Having monks out in public reminds us of the importance of our inner life; to pay homage to nature, to the departed, to noble effort.
A wooden donation box reads “Without Existence, Without Extinction.”
“To play is to love. It’s not just ‘playing the flute.’ You have to play with every part of you, with everything in your heart.”
“My teacher told me that I should be able to play the flute in such a way that if I were playing next to a very sick person, or someone dying, they should not be annoyed by my sound in any way. That’s how gentle I should play.”
listening to the sutras
exhaled through a piece of bamboo
the body directly understands
the utter impermanence of everything
the sound is here
disappears
and it’s gone
“I have no interest in improvisation. Old tunes have centuries of refinement. I play those. If I’m in a bad mood, I can play those tunes as a person in a bad mood would. Another day, I play them as a person in a good mood would. There’s plenty to discover in that. It’s impossible to play them perfectly, of course, but to get close to perfect…there’s a whole world in that.”
“There are perhaps forty ‘classic’ tunes. I’ve chosen about seven. I can play them over and over. I can spend the whole day doing that.”
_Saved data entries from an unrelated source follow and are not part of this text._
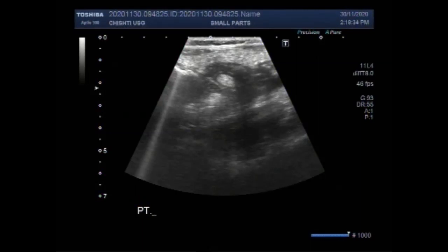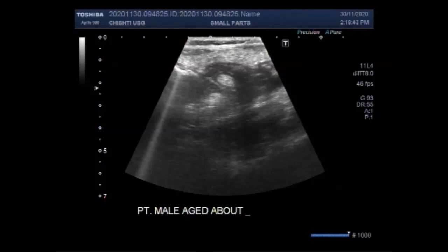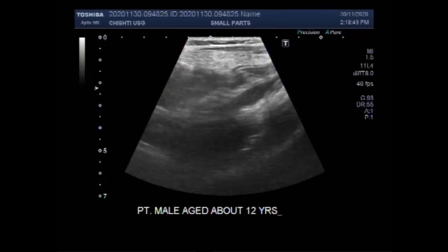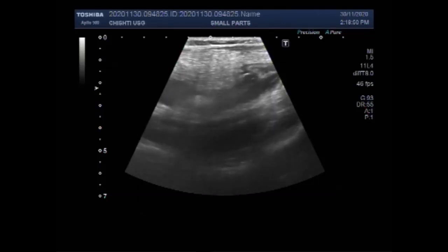I hope you are all fine. This ultrasound video shows a fecolith in an inflamed appendix. The patient is a male child aged about 12 years.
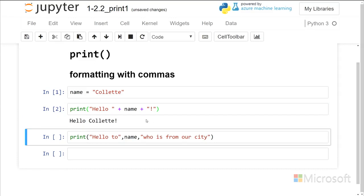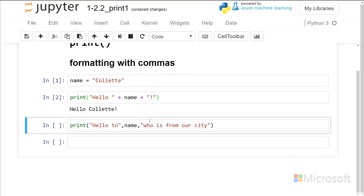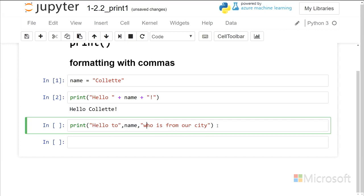But printing with formatting with commas is a different way to do this, and so what I can do is put a comma between the different strings. And so I've done here hello to Collette again, who is from our city, and I can run that string.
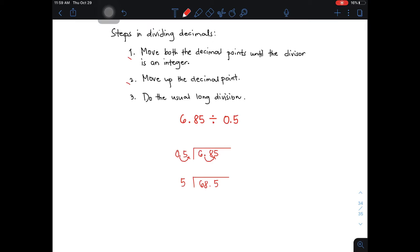So the next step is to move up the decimal point. As you can see, this is your decimal point of the dividend. We need to put a decimal point here for the quotient — that is step number two, move up the decimal point. Then after that, do the usual long division. 6 divided by 5 gives you 1. 1 times 5 is 5. So all you need to do is subtract it.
“We’d talk sometimes about Zen, or he’d tell me about his teacher, or about the history of the kyotaku, or sometimes ‘just nothing’ talk. But there was still some teaching there. He might just once slip in some important thing, with me barely noticing. I had to think hard to figure out what the message was behind one of his stories.”
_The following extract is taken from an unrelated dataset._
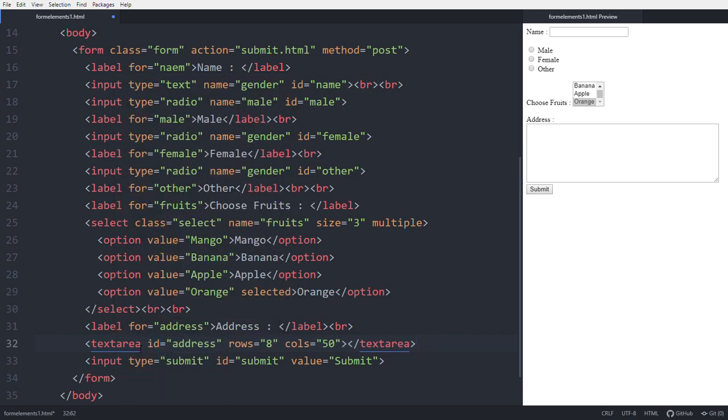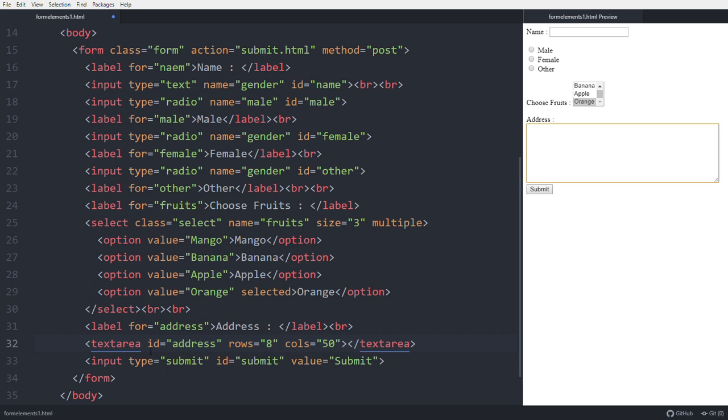So in this, see this having rows and 50 columns. These are the columns to fill this form. So this is the text area element and this is the way of using text area in the HTML file. Happy to see you, thanks for watching.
“Nishimura-san taught me very important things. Blowing into the flute isn’t the problem. It’s the essence that he taught me.” “This!” he holds up his fingers in the shape he uses to cover the holes, “…this is just technique, just making sound. He told me, ‘If you think about technique, it won’t be the real thing.’ He told me to just forget about technique. Throw all that away. It’s only playing, and continuing to play that has meaning. That’s it.”